Napisano 28 styczeń 2016 - 09:34

Limity zabieranych ryb określa Ustawa. Ochronę wód również przyjęło na siebie Państwo jako właściciel dóbr. W przypadku limitów raczej nikt nie zakładał, że wędkarz będzie łowił te limity codziennie (długi czas pracy, brak samochodów, mało wędkarzy mieszkających bezpośrednio nad wodą), albo tak skutecznie jak to teraz jest możliwe (toporny sprzęt, niedostępny sprzęt dla szerszej grupy, niedostępne metody połowu oraz przynęty, brak odzieży do każdych warunków pogodowych, mało łódek, pontonów, brak elektroniki, silników).

Natomiast ochrona wód jest traktowana po macoszemu, pewnie dlatego, że ktoś inny zajmuje się zarządzaniem w imieniu Skarbu Państwa, a ktoś inny ochroną tego majątku. To jest efekt pomysłu pod tytułem wszystkie wody są wspólne, czyli niczyje tak naprawdę. Być może przynajmniej powinno być zapisane w Ustawie strażnik PSR na X hektarów wody? Może oczywiście, ponieważ większość wód płynących ma wyznaczonego gospodarza i to on powinien zadbać o swój interes. 
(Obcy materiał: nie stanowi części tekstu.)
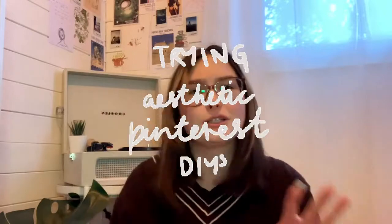Hey guys, it's Deja, welcome back to my YouTube channel. If you're new here or haven't already, please subscribe. I'm sorry I didn't upload last week — it's my mom's birthday so I had no time to film or edit. That's why we're only doing one video this week. If you haven't already read the title, today I'm going to be doing aesthetic Pinterest DIYs because I'm in the process of redoing my room a little bit, and I thought it would be nice to have some personal things I made.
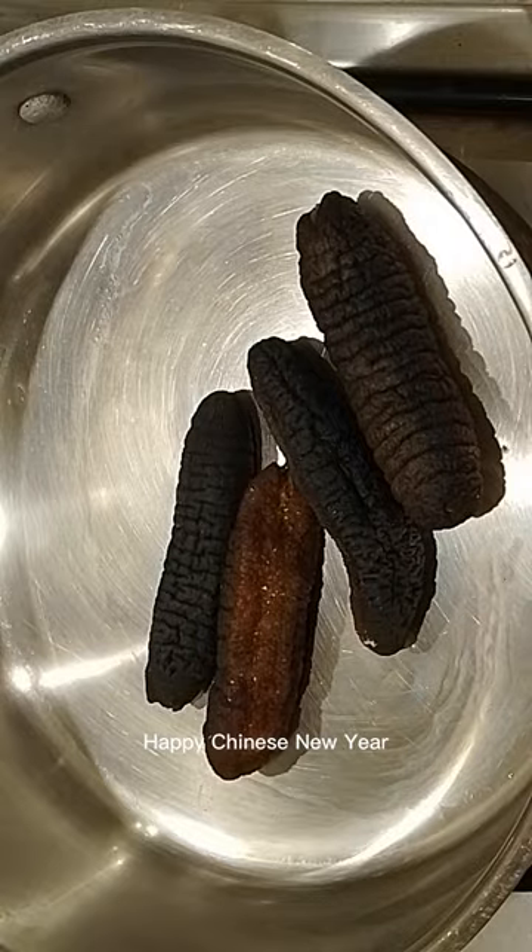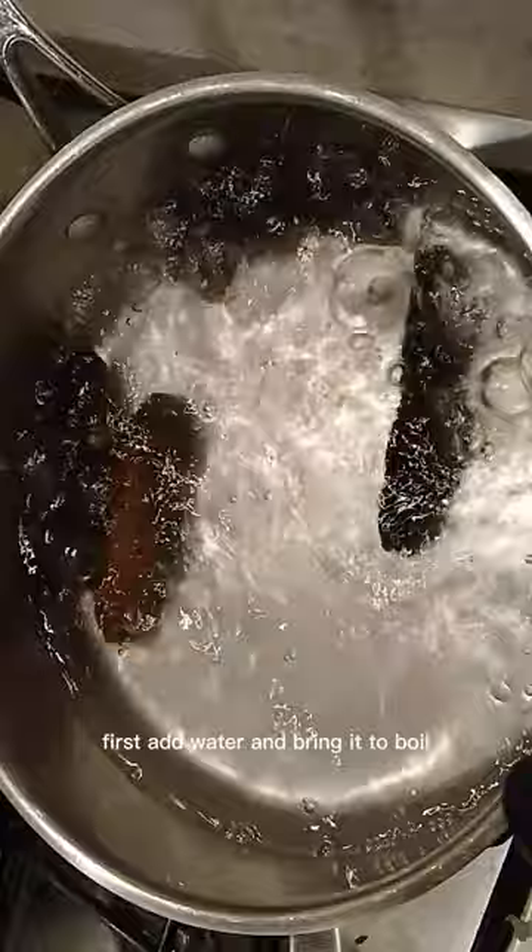Happy Chinese New Year! We are making sea cucumber today. First, add water and bring it to a boil. Once it boils, turn off the heat and let it soak overnight.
W związku z tym, jeśli coś jest nieadekwatne do rzeczywistości, nie oznacza, że kiedyś również nie było. W jednym z artykułów jest opisana sytuacja w Finlandii. Tam również pewne zapisane prawa działały dopóki nie wzrosła ilość osób, które mogły skorzystać z tych praw niejako z automatu - nabywasz grunt przy wodzie i stajesz się współwłaścicielem wody. Logiczne jest, że takie rozwiązanie nie będzie działało po pewnym czasie jeśli grupa właścicieli nie podejmie działań, czyli nie wyjmie pieniędzy ze swojej kieszeni na ochronę, zarybienia, czy badania. Bo brać chce każdy, ale wkładać już niekoniecznie.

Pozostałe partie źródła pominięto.